まあ、偶に関係なくいたりするので確実ではないようだが。
「あーやるゲームももうねえしどうしよっかなぁ。外出る?いや、用ないしなぁ…」
一人で椅子の上でぶつぶつ呟く咲希。
やることない日はゲームやってるのだが、そんな生活を続けているせいで消化スピードは早いのだ。
目を閉じてやることを探している咲希。
まとまらない思考のまま、意識がまどろみ始めたとき、民宿のインターホンが鳴った音がした。
「…うぁ?客ぅ?いや、今日は違うはずだが」
意識を覚醒させて下へと向かう咲希。
渚の宅配とかの可能性もあるため、とりあえずインターホンが鳴ったら全部出ることにしてはいる。
「はーいどちら様ー」
がらりと扉を開ければ見覚えはあるがあんまり咲希には馴染みではない顔がいた。
「どうも、この間ぶりです」
「おや、神谷君。久しぶり?」
明人が突っ立っていた。
多分学校帰りとかそんな感じなのだろう。
制服である。
「どうしたのわざわざここまで。渚なら丁度今さっき出ちゃっていないけど」
「ああ、今日は咲希さんに方に用があって来たんです」
「ん、私?」
「この間渚づてで聞いたお手伝いの件なんですけど」
「ああ、ああはいはい!あれね!」
言い出しっぺだったが、渚から神谷君いいって言ってたと聞いていたので、ああならオッケーだったんだな、くらいで思考が止まっていた咲希である。
「ありがとね受けてくれて。人手全然足りてないからさ」
「いや大丈夫です。むしろ俺でいいのかなって渚にも言ってたぐらいなんで」
「神谷君ならノープロブレムって渚からは聞いてる。まあお手伝いも渚の手伝いメインだから渚さえよければ、まあ私は何にも言わないスタンスだから。それで、どうしたの。何か聞きたいことでもあった?」
「ああえっと、一応今後継続的にお世話になるので、挨拶に」
「あ、ああ。いや、いいのにそんな。こっちからお願いしてるくらいだし」
「礼儀かなと」
「わざわざありがとね。あ、上がってきなよ。どうせだし。丁度暇してたし」
「え、悪いですよ。ほんと、挨拶来ただけなんで」
「あ、もしかしてこの後忙しかったりする?それなら無理強いする気はないからいいけど」
「そういうわけじゃないです。いいんですか?」
「どーぞどーぞ」
「じゃあお邪魔します」
というわけで「しろすな」に足を踏み入れた明人。
咲希が人を自ら招き入れることは珍しい。
そもそも用がない人は招き入れたくないタイプの人なので。
「いや、なんかこの前カニ初めて持ってきた日から、ちょこっと喋った気はするけど、まともにちゃんと落ち着いて顔合わせるのは初か?なんか最近バタバタしてたからさ」
「渚がここに帰ってきてからは初めてだと思います」
「あ、あー。そうだね」
昔は会っていたようではあるが、すっかり忘れていた。
不審がられていないのでセーフである。
「じゃあ、そこ座ってて、お茶でも入れてくるから」
「ありがとうございます」
明人を椅子に座っとくように言って一旦離れる咲希。
しばらくしてお茶持って戻ってくる。
「はいお待た。
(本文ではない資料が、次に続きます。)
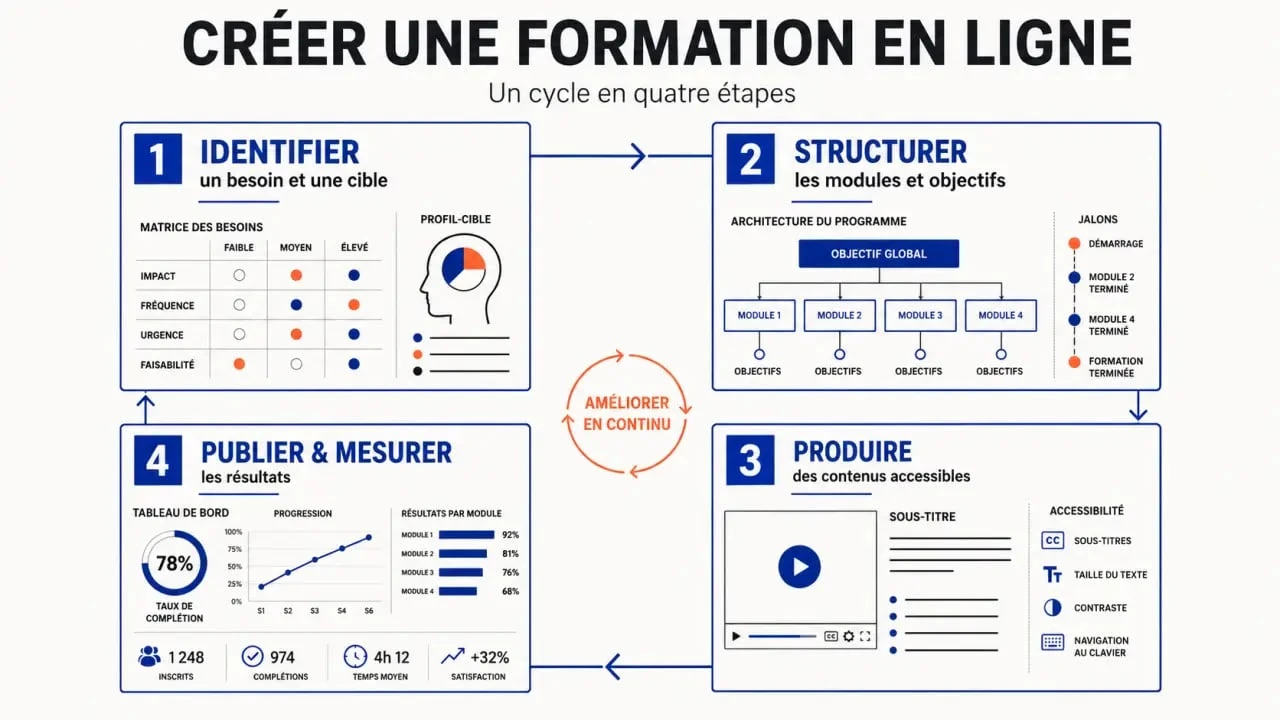 Comment créer une formation en ligne : les quatre étapes du besoin au suivi des apprenants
あ、冷たいのだけどいい?」
「あ、お構いなく」
「ならよし」
対面に座る咲希。
ソファではないのは、対面が存在しないからである。
この家のリビングのソファは一つしかないので、あそこだと確実に相席になるので。
「いや、とりあえずこの間はありがとね。多分来てくれなかったら渚が死んでた」
「いやそんなお礼言われるほどじゃ…どこまで助けになったんだかって感じですし」
「そもカニ剥きまともにできる人間、現状この家いないからそれだけでも大助かり。私なんかやったら確実に事故るだろうし」
「ならよかったんですけど。あの、俺学校の関係で多分5時過ぎくらいからしか手伝えないと思うんで、小回り利かないと思うんですけど、大丈夫ですか?一応渚にも聞いたんですけど、確認しときたくて」
「あー無問題。とりあえず神谷君には渚の手伝い…まあ、ほとんど夕飯の手伝いがメインだと思うけど、それしてもらう感じにはなるかな。で、渚が一番現状人手的にやばいのがまさしくそこだから、その時間に間に合うなら何ら問題は無いって感じ。あ、もっと色々やってくれるなら多少はこれに色付けるから安心してよ」
手で銭を作る咲希。
言わんとすることは多分伝わるだろう。
「それならよっぽど何かない限りは間に合うんで大丈夫です」
「ならオッケー。まああとなんだ、夕飯食ってくなら食ってくで私としては問題ないし、風呂入るならご自由に。あ、ただ風呂は8時までに入ってもらわないと女湯になるからやばいけど」
「あ、それは前回来た時に渚に聞いてるんで大丈夫です」
「ああそっか、そういや入ってたっけ?じゃあいいか」
「あとは…あ、来る日とかはどうすればいいんでしょう?連絡飛ばすからって渚からは聞いてますけど」
「ん、それは文字通りで。日取りが分かった段階で渚から連絡そっちに飛ばしてもらうからそれでまあ、来る日指定するから。来てもらって、さっき言った感じのこと手伝ってもらえればそれでよし」
「あ、なら大丈夫です。ありがとうございます」
「ん、あとなんか聞いとくことある?まあ後から聞いてくれてもいいけど」
「今はとりあえず、これくらいで大丈夫です」
「そう、じゃあまあ仕事の話はこんなもんでいいか。あ、そうそう、渚のことありがとね。最近よく一緒に遊んでる話聞くから」
「あ、いや、むしろなんか遊んでもらってる感じなんで。俺のが感謝してるっていうか」
ぼそりと最初忘れてたけど遊んでくれたし…と呟く明人。
「そうなん?まあ、仲良くしてやってください。今のところ友達っぽいの神谷君ともう一人しか聞かないからさ。いかんせん、民宿手伝いやらせちゃってる関係で同年代の友達少なくてね」
「幼馴染なんで、大丈夫です。昔から仲はいいんで」
忘れられてたけど…と呟く明人。
やっぱり結構堪えたらしい。
「ま、とりあえずいろんな意味でよろしく。あ、あと一応連絡先交換しといていい?なんかあった時のために」
「あ、はい。えっと、これでいいですか?」
「ああおっけ、メールよりそっちのが楽でいい」
「じゃあ…はい。これです」
「アイコン自撮り画像なのか…」
イケメンなので絵になるなとか思う咲希。
「え、なんか言いました?」
「いや特に。じゃあま、よろしく。渚とも今後ともよろしくやってくれ。なんかあったら連絡くれな」
「はい。また、よろしくお願いします咲希さん」
美船と違って過去をいじられないから楽だなとか思う明人であった。
なお咲希にその過去の記憶が無いことは当然知らない。